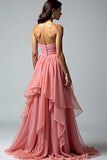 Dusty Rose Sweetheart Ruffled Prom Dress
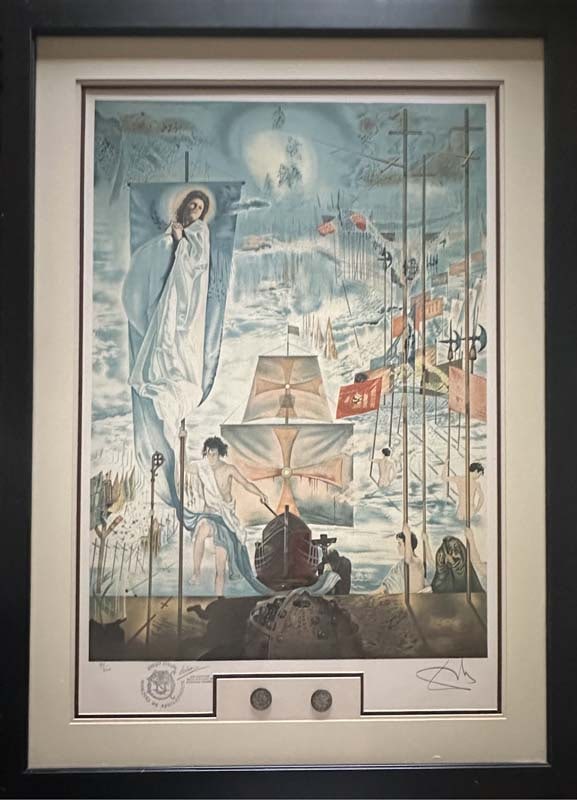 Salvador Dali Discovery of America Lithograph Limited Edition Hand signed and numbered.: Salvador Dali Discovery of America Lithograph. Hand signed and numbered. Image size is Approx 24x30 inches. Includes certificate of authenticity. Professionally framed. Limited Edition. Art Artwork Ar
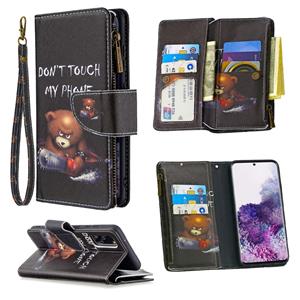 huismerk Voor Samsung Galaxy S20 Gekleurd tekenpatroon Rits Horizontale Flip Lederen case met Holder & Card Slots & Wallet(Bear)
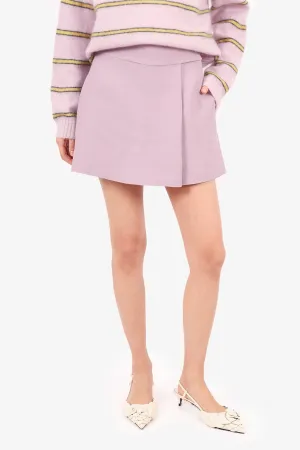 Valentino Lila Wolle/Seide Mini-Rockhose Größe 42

...

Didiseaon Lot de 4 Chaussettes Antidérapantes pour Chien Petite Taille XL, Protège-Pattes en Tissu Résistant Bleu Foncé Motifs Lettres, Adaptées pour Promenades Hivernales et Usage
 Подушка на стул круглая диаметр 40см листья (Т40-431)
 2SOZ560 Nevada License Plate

_Problem to solve_:
Although pictures appear among the records above, write out exactly only the lines from the one that has "Dusty Rose Sweetheart Ruffled Prom Dress" through the one that has "Valentino Lila Wolle/Seide", and leave the pictures out.

_Task answer_:
 Dusty Rose Sweetheart Ruffled Prom Dress
 Salvador Dali Discovery of America Lithograph Limited Edition Hand signed and numbered.: Salvador Dali Discovery of America Lithograph. Hand signed and numbered. Image size is Approx 24x30 inches. Includes certificate of authenticity. Professionally framed. Limited Edition. Art Artwork Ar
 huismerk Voor Samsung Galaxy S20 Gekleurd tekenpatroon Rits Horizontale Flip Lederen case met Holder & Card Slots & Wallet(Bear)
 Valentino Lila Wolle/Seide Mini-Rockhose Größe 42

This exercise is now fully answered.